_What you have to do:_
Copy everything in the records exactly; the pictures stay out.
..........
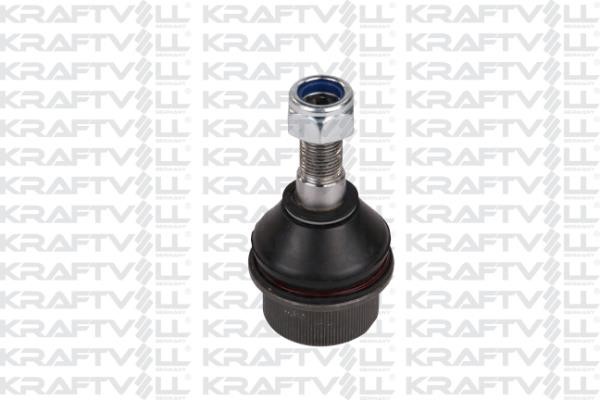 Kraftvoll 13010285 Ball joint 13010285: Buy near me in Poland at 2407.PL - Good price!
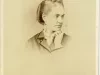 Carte-de-visite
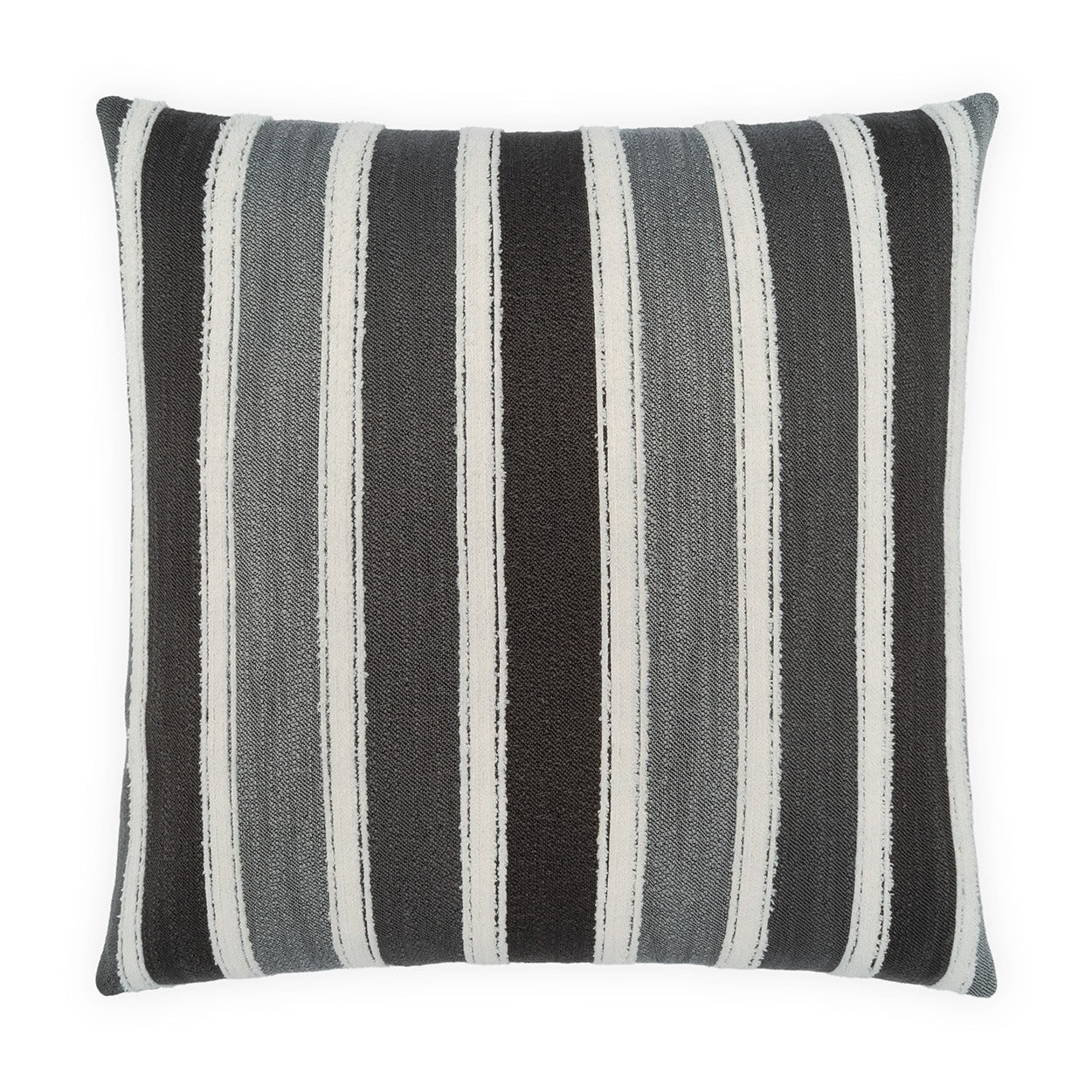 Bolton Pillow - Thumbnail 2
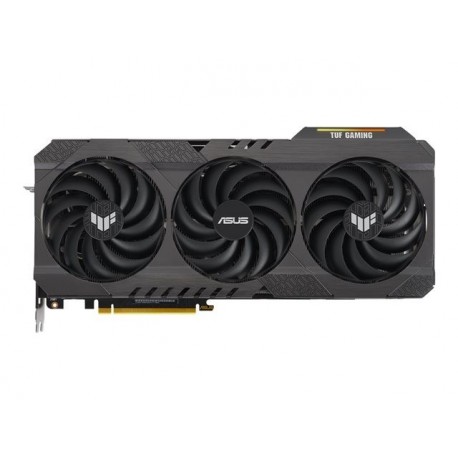 Grafična kartica ASUS TUF RTX3090TI OC 24GB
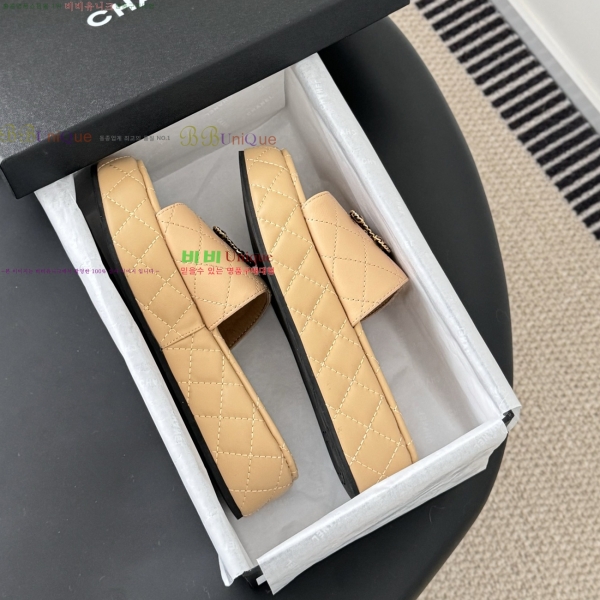 ��* ������ ���� 27CH2531322-2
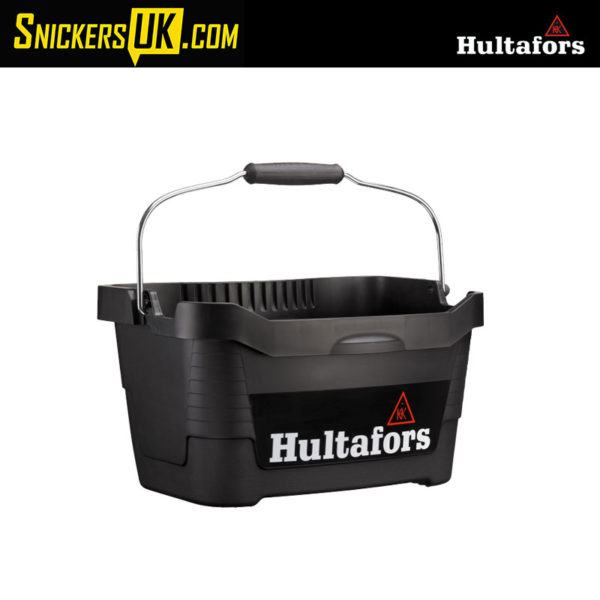 Hultafors Tool Bucket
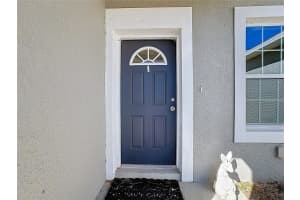 MLS# MFRTB8467774, Kissimmee, Florida 34759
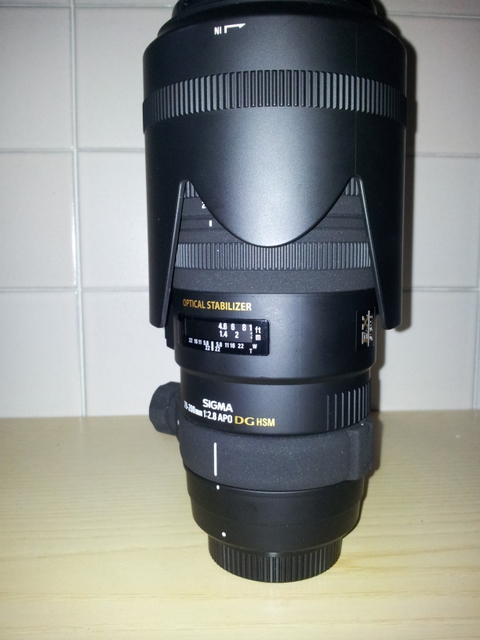 SIGMA 70-200 OS.jpg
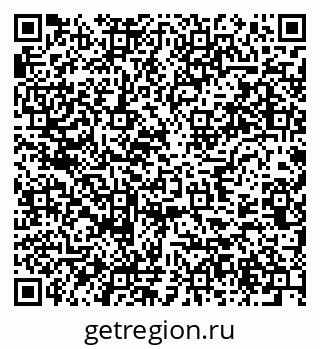 79637965782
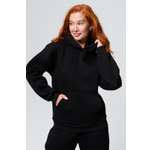 Худи Натали Суслова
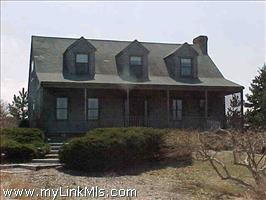 152 Cliff Road Cliff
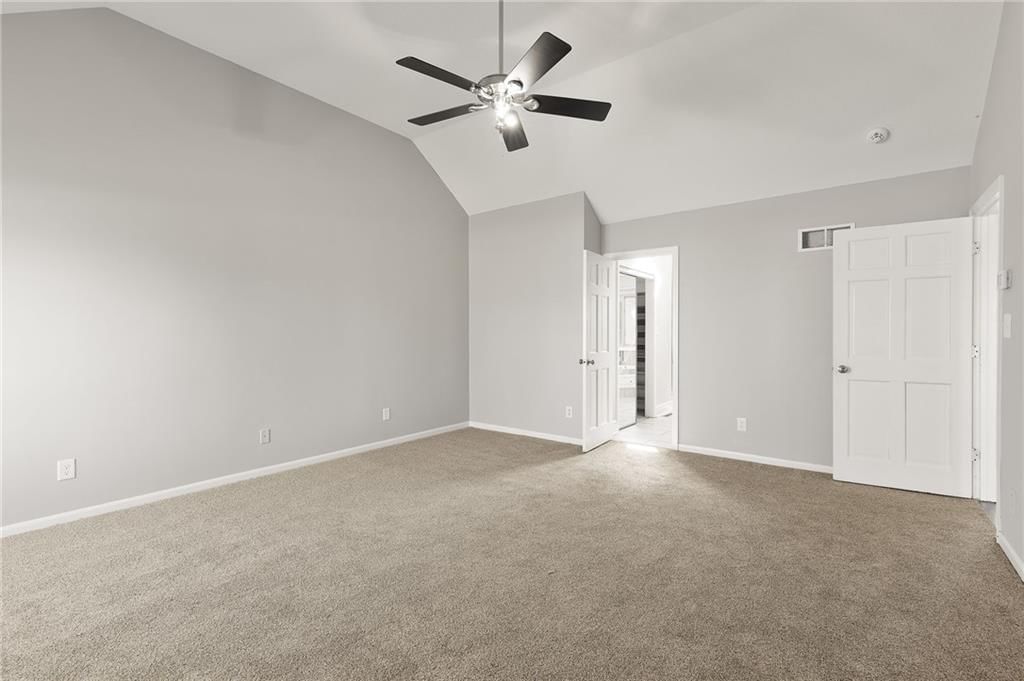 6115 N Kensington Court — photo 17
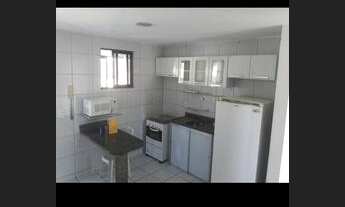 Imagem 2: Aluguel por temporada ou diaria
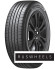 Шины Hankook 245/45R19 102W XL Dynapro HPX RA43 TL M+S Шины Hankook 245/45R19 102W XL Dynapro HPX RA43 TL M+S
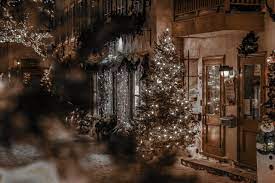 We did not find results for: The Quarter With The Most Beautiful Christmas Decorations In The World Photos Novinite Com Sofia News Agency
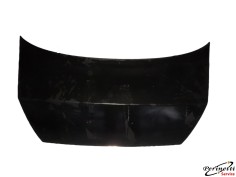 COFANO POSTERIORE FIAT...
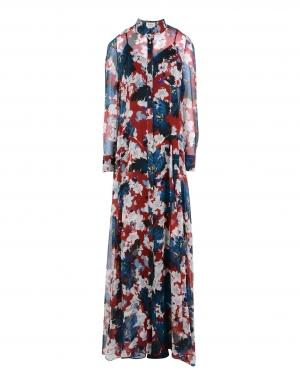 Платье ERDEM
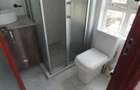 4 Bed House with En Suite at Silanga Road - 16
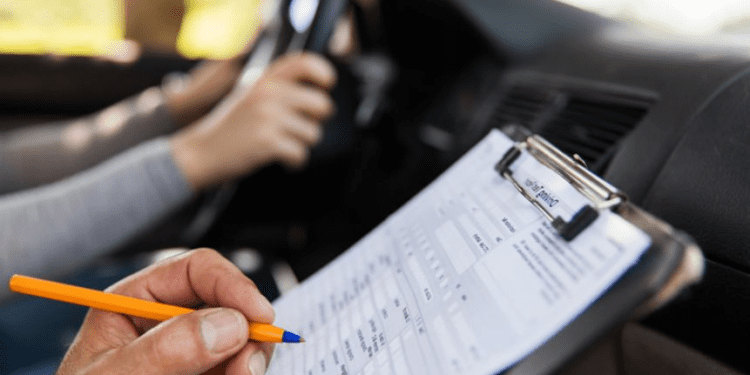 Detaje nga dosja e Prokurorisë për 10 zyrtarët që u arrestuan për dallavere me patentë-shoferë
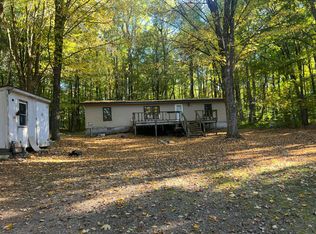 11022 Empeyville Rd, Camden, NY 13316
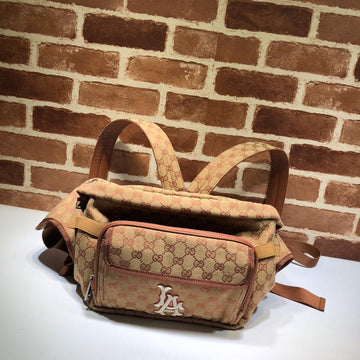 VS Luxury - GCI Bags - 1243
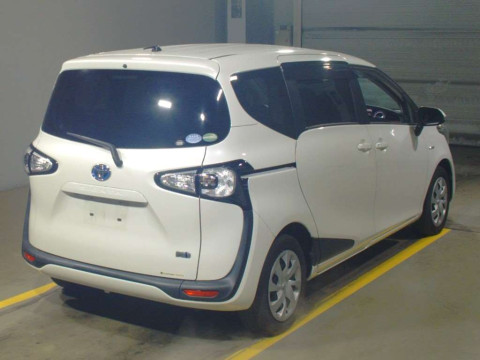 2018 Toyota Sienta NHP170G[1]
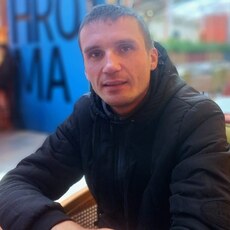 Фотография мужчины Денис, 39 лет из г. Псков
..........
_Response box:_
 Kraftvoll 13010285 Ball joint 13010285: Buy near me in Poland at 2407.PL - Good price!
 Carte-de-visite
 Bolton Pillow - Thumbnail 2
 Grafična kartica ASUS TUF RTX3090TI OC 24GB
 ��* ������ ���� 27CH2531322-2
 Hultafors Tool Bucket
 MLS# MFRTB8467774, Kissimmee, Florida 34759
 SIGMA 70-200 OS.jpg
 79637965782
 Худи Натали Суслова
 152 Cliff Road Cliff
 6115 N Kensington Court — photo 17
 Imagem 2: Aluguel por temporada ou diaria
 Шины Hankook 245/45R19 102W XL Dynapro HPX RA43 TL M+S Шины Hankook 245/45R19 102W XL Dynapro HPX RA43 TL M+S
 We did not find results for: The Quarter With The Most Beautiful Christmas Decorations In The World Photos Novinite Com Sofia News Agency
 COFANO POSTERIORE FIAT...
 Платье ERDEM
 4 Bed House with En Suite at Silanga Road - 16
 Detaje nga dosja e Prokurorisë për 10 zyrtarët që u arrestuan për dallavere me patentë-shoferë
 11022 Empeyville Rd, Camden, NY 13316
 VS Luxury - GCI Bags - 1243
 2018 Toyota Sienta NHP170G[1]
 Фотография мужчины Денис, 39 лет из г. Псков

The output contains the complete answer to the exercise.